Exclude all pictures, and reproduce exactly the lines from the one containing "Silver and Clear Crossbody Bag" through the end of the records, with nothing else added.

*** Opening Dataset extract ***

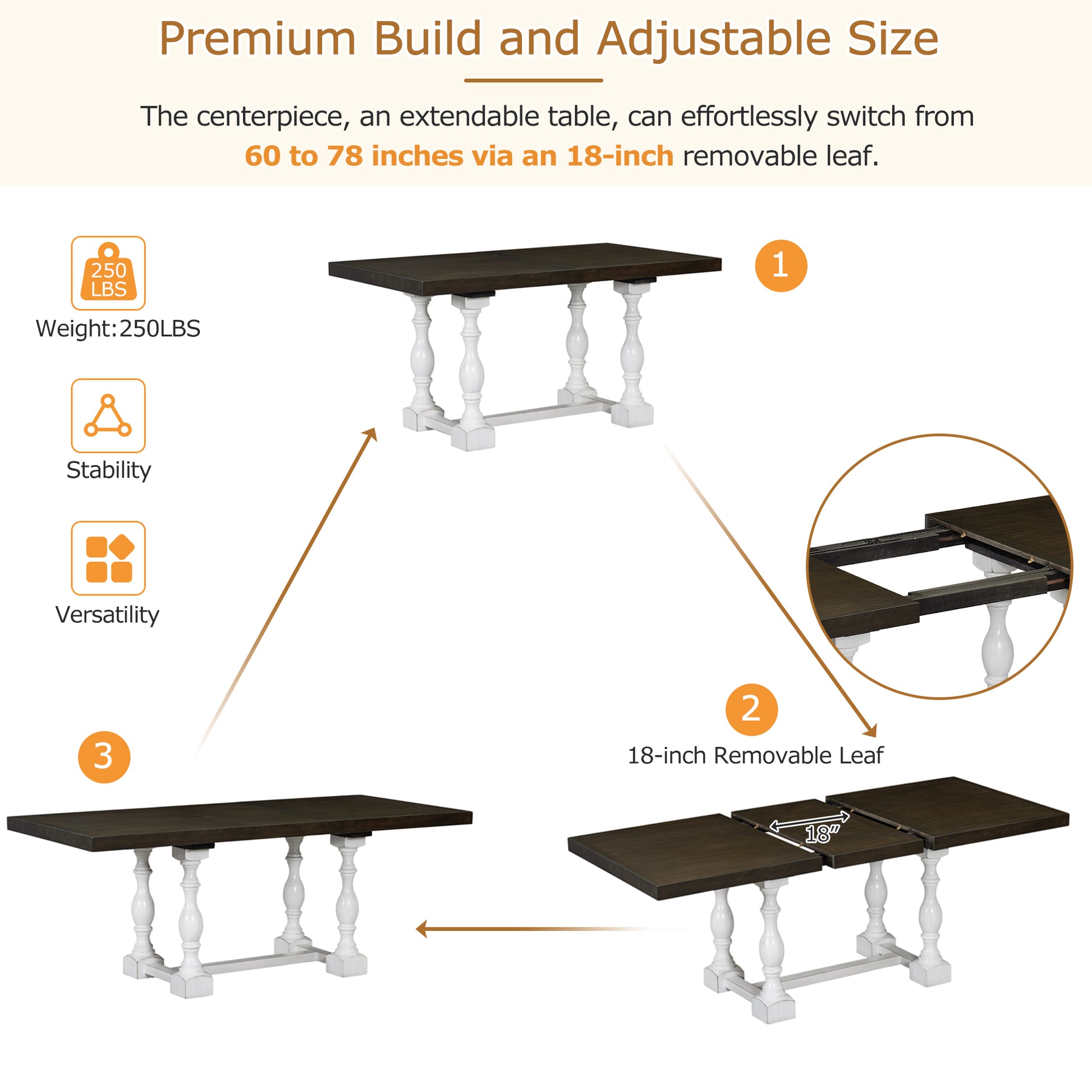 Traditional 6 Piece 78Inch Trestle Extendable Dining Table Set With One 18Inch Removable Leaf, Padded Dining Chairs And Bench,Distressed White Brown Wood Dining Room Solid Wood Rubberwood Rectangular Dining Table With Chair And Bench Upholstered Chair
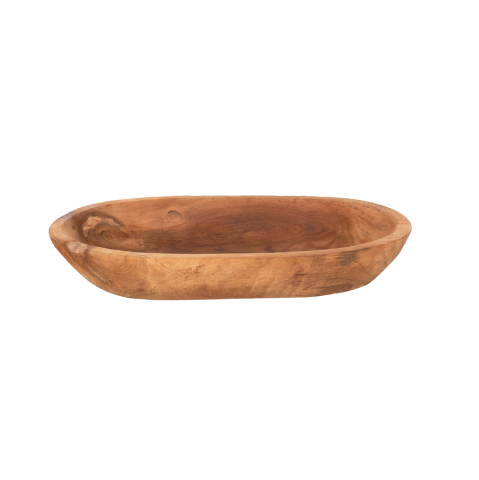 Decoratiuni pentru masa - TABLE DECOR HM4294 OVAL BOWL RECYCLED TEAK IN NATURAL COLOR 55x30x7Hcm.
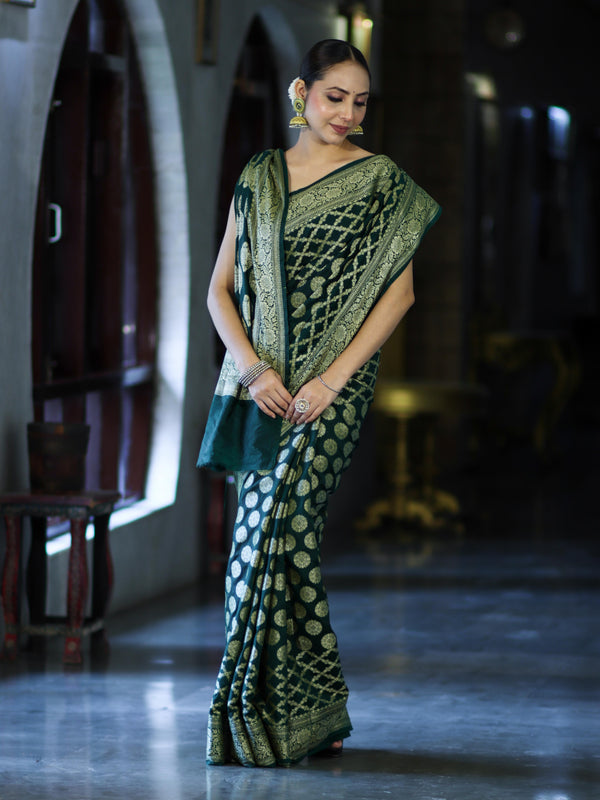 Banarasee Handloom Semi Silk Saree With Zari Jaal Design & Buta Work-Deep Green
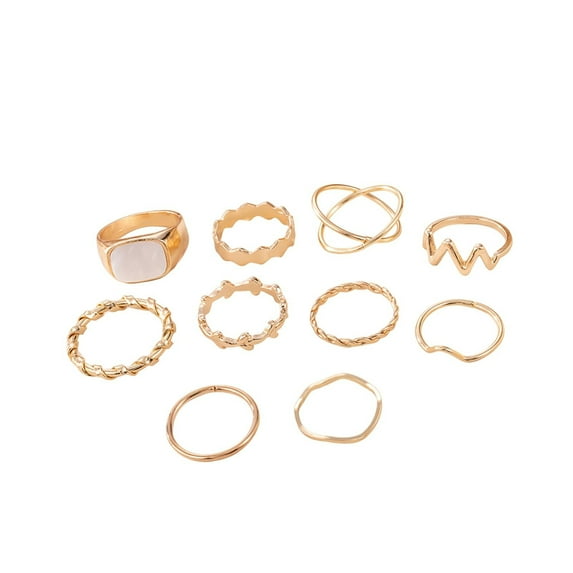 Grofry 60 Pcs Gold Knuckle Rings Set for Women Boho Twist Cross Irregular Geometric Rings Stackable Midi Rings Pack Gift for Various Occasions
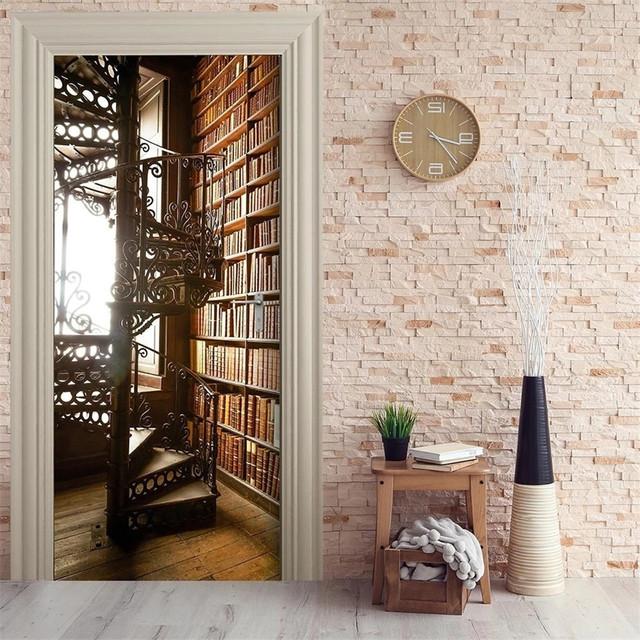 Retro Library Adhesive Door Wallpaper Waterproof Home Decor Living Room Mural Decal Sticker Wooden Cabinet Poster Wine
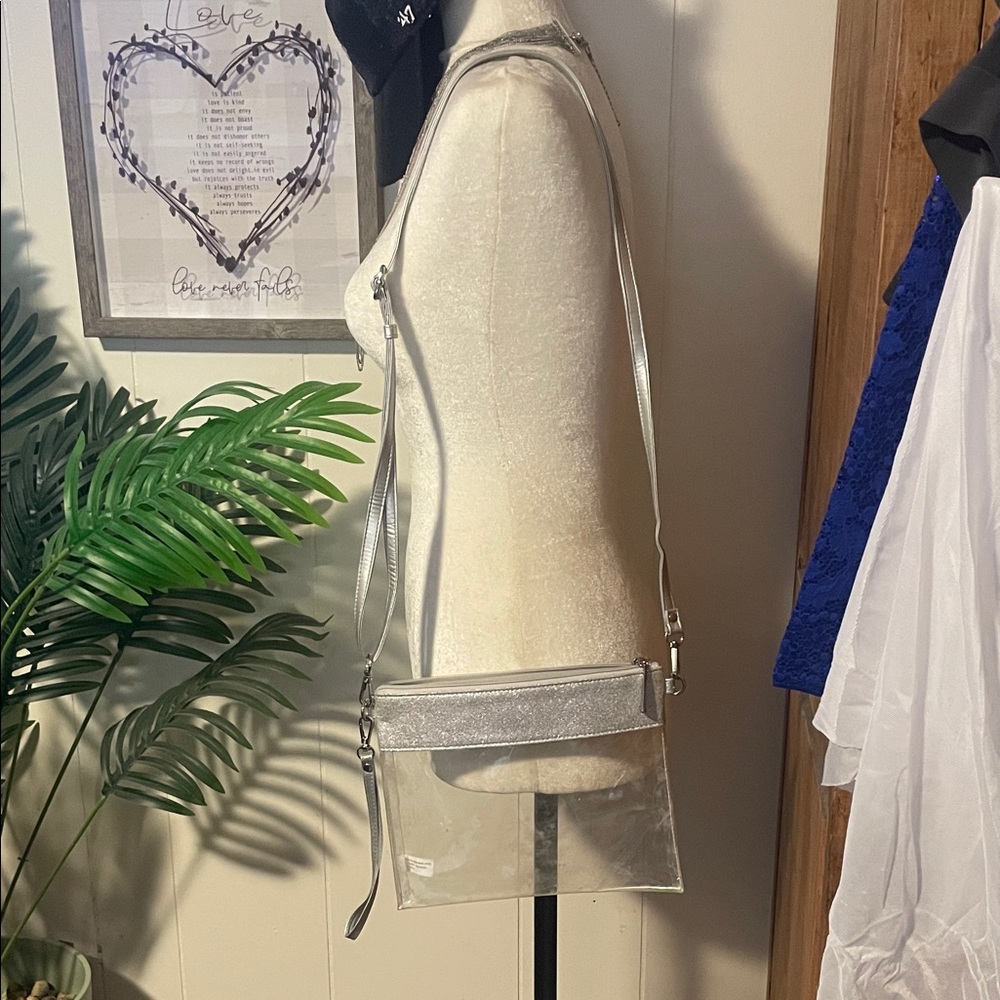 Silver and Clear Crossbody Bag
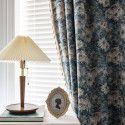 Yimanqiyun curtains, blue oil paintings, flowers, kitchen curtains, American style country window curtains, finished semi shading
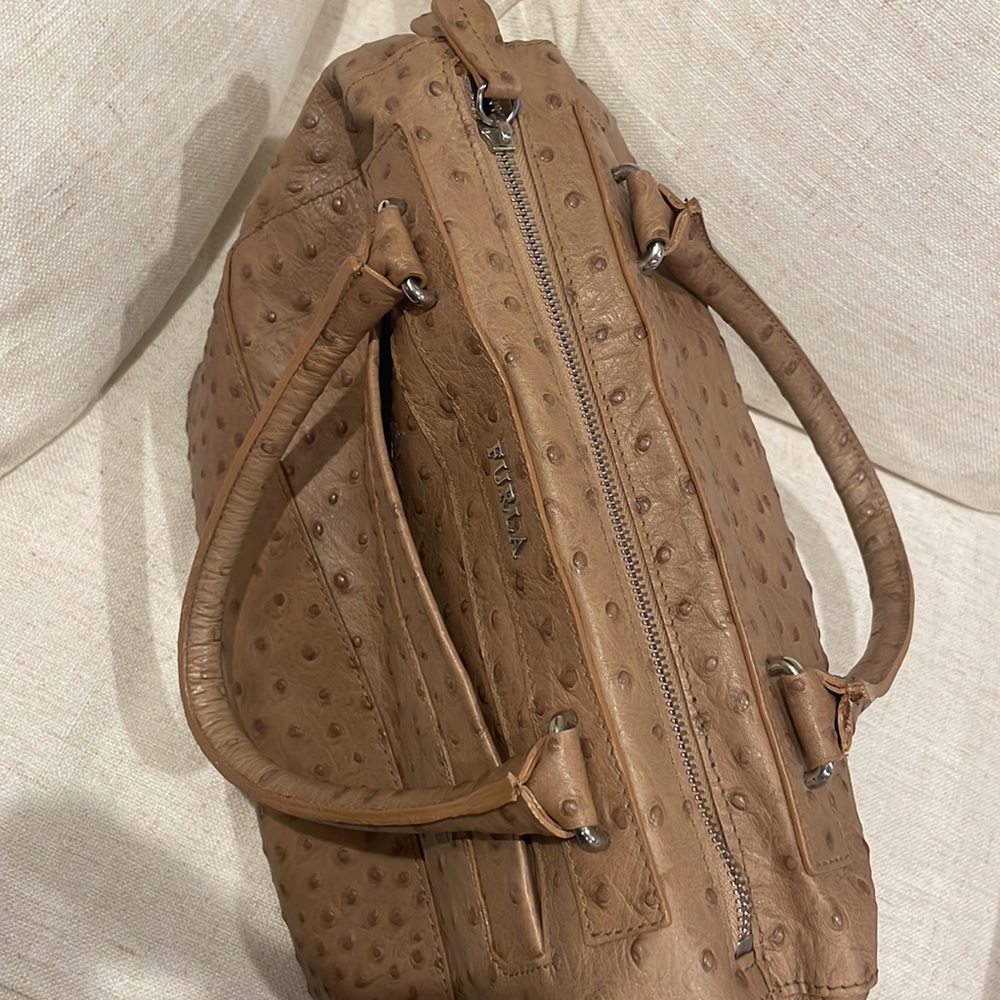 FURLA ostrich handbag. Only wore twice it’s like brand new. - Picture 4 of 17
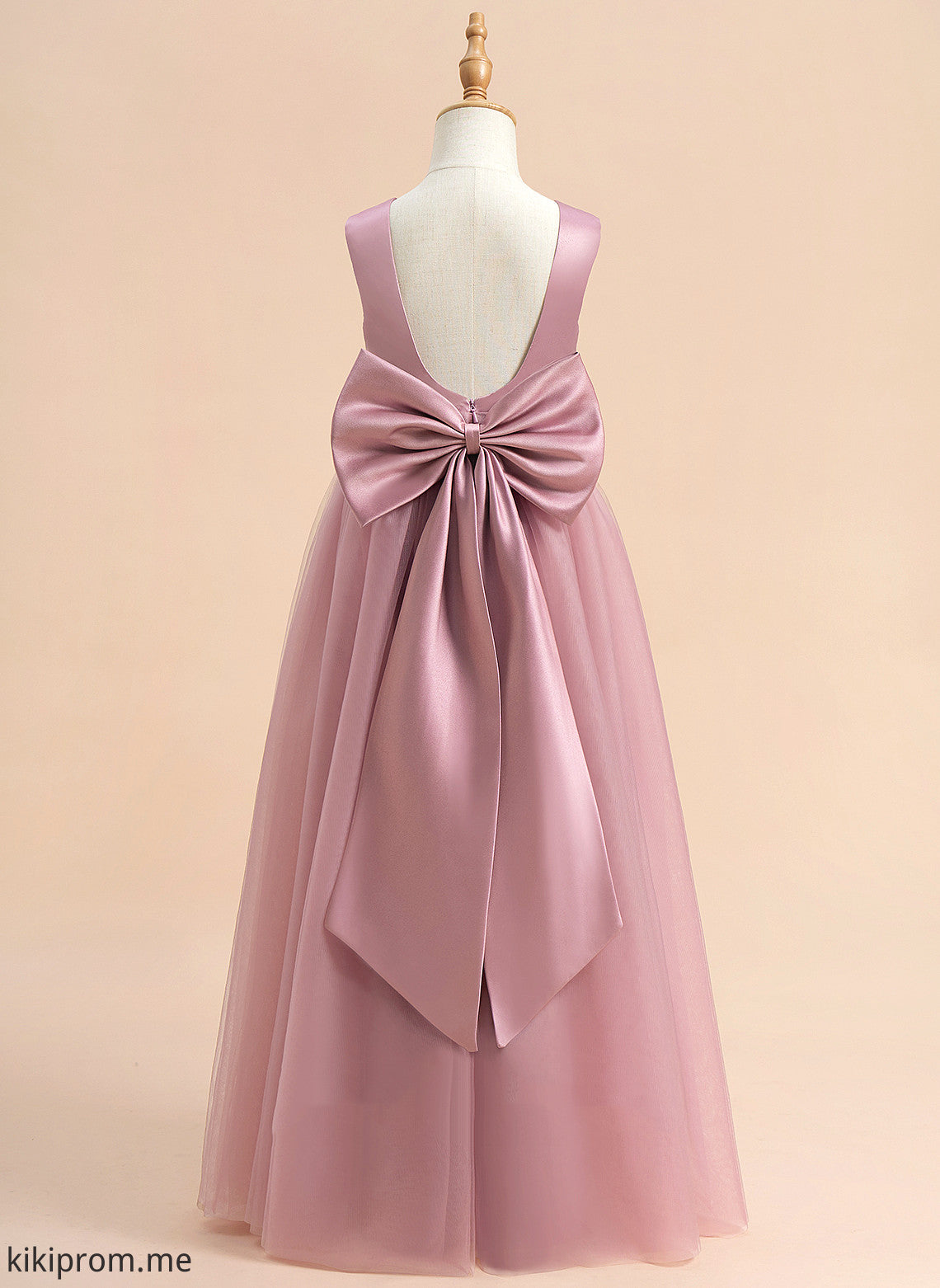 Flower Satin/Tulle With Dress Flower Girl Dresses - A-Line Floor-length Neck Bow(s) Sleeveless Leila Girl Scoop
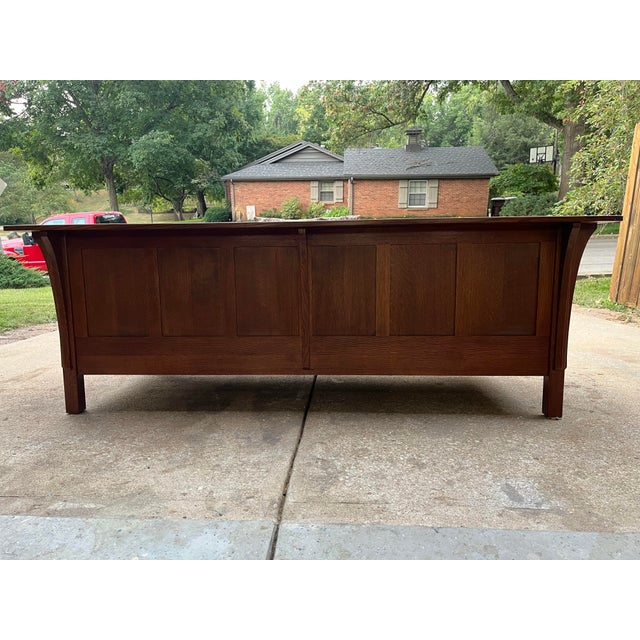 Mission Stickley Mission Oak Arts & Crafts Prairie Sofa For Sale - Image 3 of 12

*** Closing Dataset extract ***

(Answer for the task):
 Silver and Clear Crossbody Bag
 Yimanqiyun curtains, blue oil paintings, flowers, kitchen curtains, American style country window curtains, finished semi shading
 FURLA ostrich handbag. Only wore twice it’s like brand new. - Picture 4 of 17
 Flower Satin/Tulle With Dress Flower Girl Dresses - A-Line Floor-length Neck Bow(s) Sleeveless Leila Girl Scoop
 Mission Stickley Mission Oak Arts & Crafts Prairie Sofa For Sale - Image 3 of 12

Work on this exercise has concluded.